Inference of Sn addition on optical properties of the novel thermally evaporated thin a-Ge15Te50S35-xSnx films and some physical properties of their glasses

Abstract

In this article, the authors have prepared six novel a-Ge15Te50S35-xSnx thin-film samples 0.0≤x≤10.0at.% using the physical vapor deposition process. Thin films have been deposited on pre-cleaned glass substrates under vacuum 10−5 Pa with controlling the thickness at 300 nm. X-ray diffraction and energy dispersive X-ray analysis exhibit the amorphous nature of films with the required and selected compositional element percentages. The optical properties have been studied by analyzing the UV–Vis–NIR absorbance spectra in the range 300–2500 nm.
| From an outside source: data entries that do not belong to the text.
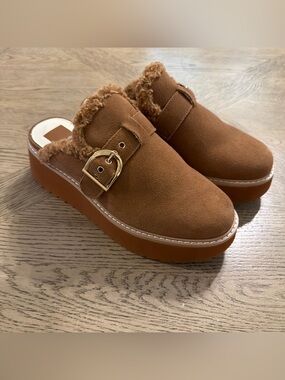 Dolce Vita Lelani Plush Flat Platform Mule Women's Sz 9.5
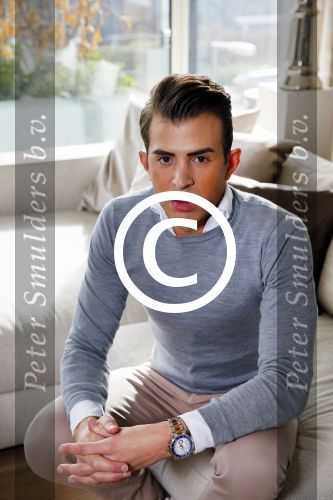 Rotterdam 2 april 2015
Stylist Chiel Harten Torres in zijn huis / appartement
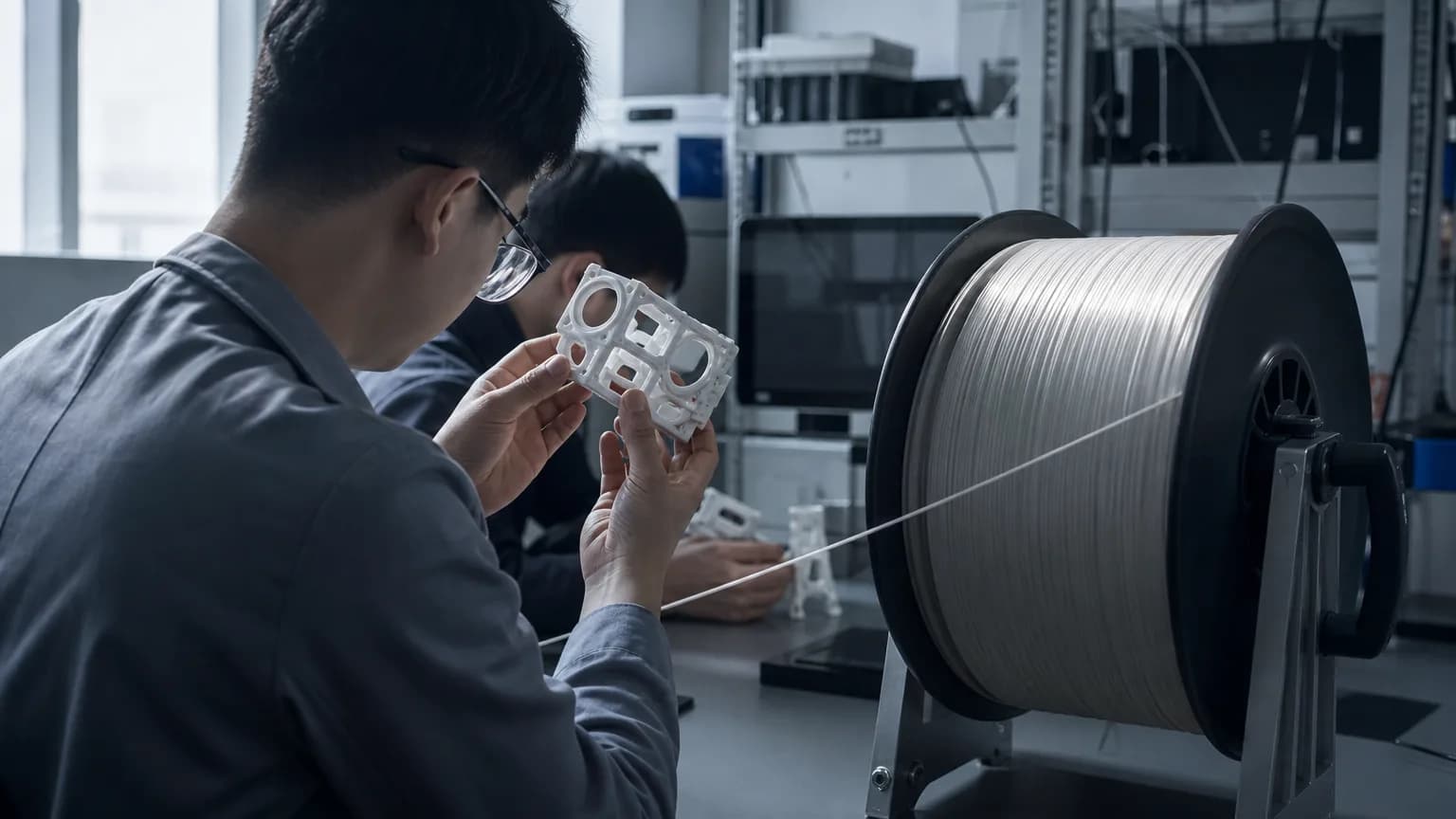 Illustration generated by AI: Editorial image for LLM Framework Boosts 3D-Printing Material Picks to 90% Accuracy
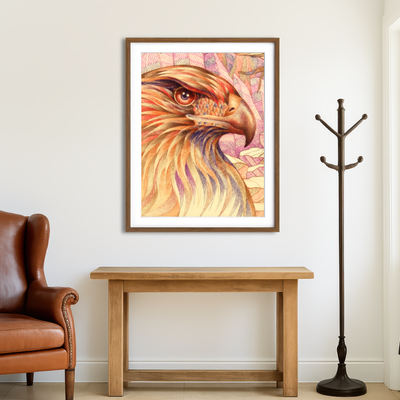 AUTO-MOCKUP ROOM | Raptor's On The Lookout Wall Art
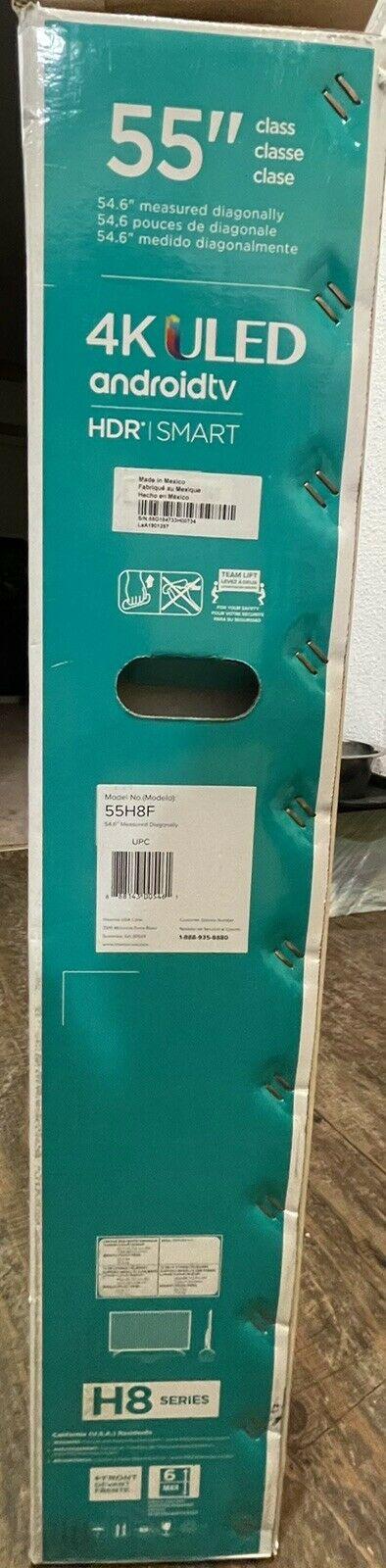 hisense h8f 55" 4k led smart tv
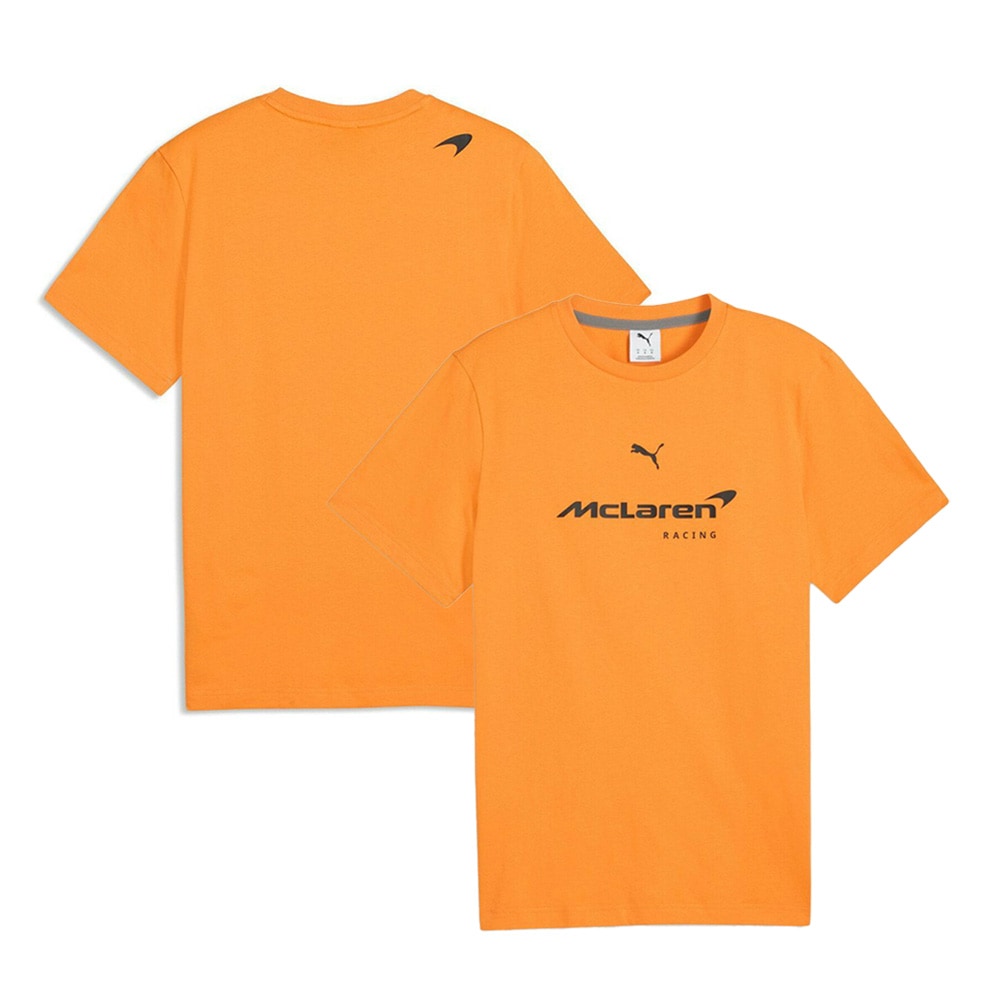 2026 マクラーレン F1 チーム ビッグ ロゴ Tシャツ オレンジ
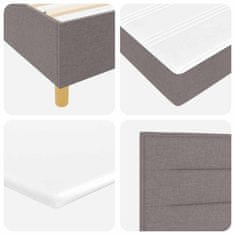 Vidaxl Box Spring postelja z vzmetnico in LED Taupe 160x200 cm Tkanina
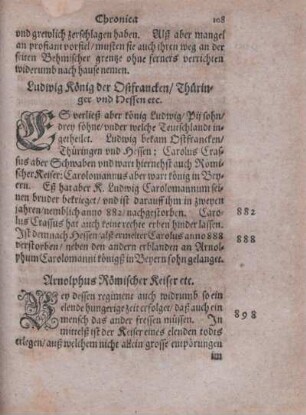 Arnolphus Römischer Keiser etc.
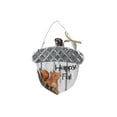thumbnail image 1 of Happy Fall Squirrel on Acorn Shaped Wall or Door Hanger Sign Wood 13.25 Inches, 1 of 1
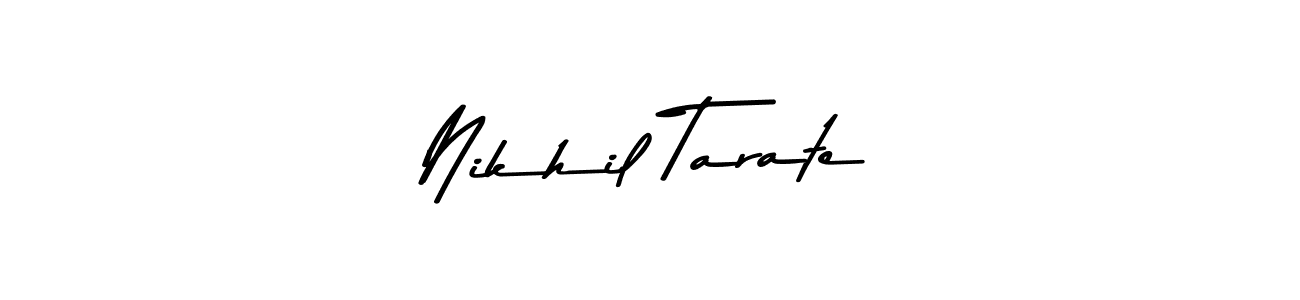 Create a beautiful signature design for name Nikhil Tarate. With this signature (Asem Kandis PERSONAL USE) fonts, you can make a handwritten signature for free. Nikhil Tarate signature style 9 images and pictures png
Optical bandgap energy, Eg has been studied using Tauc plots. The Eg values found to be arising from indirect allowed electronic transitions and decreases from 1.301 eV to 1.031 eV as Sn-content increases from 0.0% to 10.0%. While the band-tail width is found to be increased from 229 meV to 288 meV, according to Urbach argument. The valence band, VB and conduction band, CB positions have been determined and discussed. It is found that VB potential increases from (- 0.433) eV to become (- 0.357) eV, while that of CB decreases from 0.867 eV to 0.673 eV as Sn-content percentage increased from 0.0% to 10%. Some physicochemical parameters have been also calculated and discussed by determining the mass-volume density using Archimedes' principle. The investigated parameters have shown strong dependency on the Sn-content. Studied optical and physicochemical properties show that these samples can be used in many optoelectronic applications like ultra-continuum infrared sources, optical infrared detectors, photovoltaic and energy applications.